Denmark’s next-biggest mortgage lender after Nykredit, Danske Bank A/S (DANSKE) unit Realkredit Danmark A/S, isn’t taking any chances over Basel’s net stable funding rule. The bank is weaning borrowers off adjustable-rate loans funded by one-year bonds by charging higher fees and through advertising campaigns. The Basel proposal is under review by the European Commission and due to be enforced in 2018.
More than half of all outstanding household mortgage debt in Denmark is financed by adjustable-rate bonds, according to the Association of Danish Mortgage Banks. The share of adjustable-rate notes, which also come in maturities of three and five years, rose 9.1 percent in the second quarter to 55 percent, it estimates.
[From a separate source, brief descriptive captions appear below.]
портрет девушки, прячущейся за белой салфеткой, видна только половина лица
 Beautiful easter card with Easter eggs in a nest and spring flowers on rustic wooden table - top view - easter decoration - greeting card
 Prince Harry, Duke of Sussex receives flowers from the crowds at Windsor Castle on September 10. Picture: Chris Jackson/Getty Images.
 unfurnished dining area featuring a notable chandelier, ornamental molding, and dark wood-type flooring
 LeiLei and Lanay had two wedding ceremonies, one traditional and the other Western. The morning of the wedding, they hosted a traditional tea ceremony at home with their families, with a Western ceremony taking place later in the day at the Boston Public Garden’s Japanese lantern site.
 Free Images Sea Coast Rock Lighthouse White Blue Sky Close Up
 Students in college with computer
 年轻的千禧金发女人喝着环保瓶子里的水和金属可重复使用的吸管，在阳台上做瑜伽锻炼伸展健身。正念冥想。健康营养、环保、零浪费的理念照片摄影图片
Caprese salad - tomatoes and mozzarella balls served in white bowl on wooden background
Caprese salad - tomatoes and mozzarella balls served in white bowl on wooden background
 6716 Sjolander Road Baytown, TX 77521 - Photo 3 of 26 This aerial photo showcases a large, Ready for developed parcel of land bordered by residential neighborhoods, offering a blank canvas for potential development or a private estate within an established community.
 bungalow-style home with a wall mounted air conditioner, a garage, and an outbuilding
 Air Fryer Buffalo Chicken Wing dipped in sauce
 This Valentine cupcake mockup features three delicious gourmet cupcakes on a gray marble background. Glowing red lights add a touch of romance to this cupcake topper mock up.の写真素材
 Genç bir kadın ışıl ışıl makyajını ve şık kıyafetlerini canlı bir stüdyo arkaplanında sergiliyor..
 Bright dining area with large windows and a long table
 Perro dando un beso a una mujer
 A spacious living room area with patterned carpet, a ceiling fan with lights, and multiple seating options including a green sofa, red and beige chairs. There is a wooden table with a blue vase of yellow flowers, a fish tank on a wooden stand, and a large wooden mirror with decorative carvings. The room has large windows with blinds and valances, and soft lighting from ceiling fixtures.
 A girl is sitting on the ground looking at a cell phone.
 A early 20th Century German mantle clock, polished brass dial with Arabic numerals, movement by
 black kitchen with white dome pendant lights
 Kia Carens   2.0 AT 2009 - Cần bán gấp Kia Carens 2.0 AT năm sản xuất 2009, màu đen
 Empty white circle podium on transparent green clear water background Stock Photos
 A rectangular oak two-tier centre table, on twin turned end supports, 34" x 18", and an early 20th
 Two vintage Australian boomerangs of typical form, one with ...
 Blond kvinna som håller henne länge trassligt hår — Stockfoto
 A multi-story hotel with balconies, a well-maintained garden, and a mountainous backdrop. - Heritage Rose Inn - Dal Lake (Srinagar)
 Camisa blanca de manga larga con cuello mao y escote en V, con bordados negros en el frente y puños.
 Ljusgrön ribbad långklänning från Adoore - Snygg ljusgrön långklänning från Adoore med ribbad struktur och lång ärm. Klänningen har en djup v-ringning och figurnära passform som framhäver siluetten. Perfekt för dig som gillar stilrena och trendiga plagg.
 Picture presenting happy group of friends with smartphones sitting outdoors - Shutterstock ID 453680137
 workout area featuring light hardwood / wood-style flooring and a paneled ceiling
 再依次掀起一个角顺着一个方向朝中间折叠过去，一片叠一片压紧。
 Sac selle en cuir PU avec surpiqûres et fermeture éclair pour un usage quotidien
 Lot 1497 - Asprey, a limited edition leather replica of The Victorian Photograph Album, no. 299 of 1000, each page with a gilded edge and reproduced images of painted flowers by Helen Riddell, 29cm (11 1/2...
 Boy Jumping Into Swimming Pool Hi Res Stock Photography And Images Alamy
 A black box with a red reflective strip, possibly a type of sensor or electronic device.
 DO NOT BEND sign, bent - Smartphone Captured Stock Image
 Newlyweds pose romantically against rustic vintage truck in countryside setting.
The Basel proposal requires that 65 percent of a loan’s funding comes from sources defined by the committee as stable, said Peter Jayaswal, deputy director at the association. Deposits are deemed stable funding, even though they can be withdrawn at any time, he said.
“It makes no sense,” Jayaswal said in an interview. The association is submitting trading data as part of the European Commission’s rule review in the hope a graduated approach to weighing the bonds will be adopted. That would find the notes stable when issued and add haircuts as they near maturity.
“We have the evidence that they are 100 percent stable,” Jayaswal said.
According to Holm at Nykredit, international regulators will recognize that Denmark’s mortgage system is supported by domestic institutional buyers such as pension funds. Local investors held 86 percent of Danish mortgage bonds at the end of August, central bank data show. That ownership provides stable funding, Holm said.
Homeowners have tapped the adjustable-rate loans as investor demand for assets out of AAA rated Denmark drove interest rates to record lows. The central bank cut its lending rate to 0.2 percent in July, and brought its deposit rate to an unprecedented minus 0.2 percent in an effort to keep capital out and protect the krone’s peg to the euro.
Investors seeking refuge from Europe’s debt crisis have been undeterred by Denmark’s housing and regional banking crises, focusing instead on the country’s stable public finances. Property prices have sunk about 25 percent since their 2007 peak, and will decline 3.5 percent on average this year, the government estimates.
If investors change their view on Denmark and interest rates start to rise, homeowners relying on adjustable rates become more vulnerable, the central bank warns.
Moody’s cut Nykredit’s issuer rating on May 30 by three steps to Baa2, with a negative outlook. The ratings company, which chose to publish its views even though the bank had terminated its contract, also downgraded Nykredit’s covered bonds, saying the maturity mismatch between the securities and the loans added “very significantly” to refinancing risks.
“I know Moody’s has a different opinion,” said Holm. “But still, it’s been confirmed by two and it’s my belief that actually the European Commission and other bodies think that it’s a relatively good way of doing things that we have in Denmark.”
Nykredit has made some adjustments to accommodate the concerns. The bank this year began limiting the use of adjustable-rate bonds to cover the first three-quarters of a loan. The rest is financed using long-term, fixed-rate bonds, which don’t require the bank to provide supplementary collateral if house prices fall. The industry’s shift toward spreading auctions over a calendar year, instead of a single December refinancing, has also reduced risks, Holm said.
Danish banks and the government are also lobbying to prevent Basel from reclassifying mortgages as traded assets, which would require them to set aside additional capital. Basel’s liquidity coverage ratio proposal will probably be eased to accommodate most of Denmark’s demands, Holm said.
“I’m not that pessimistic,” he said.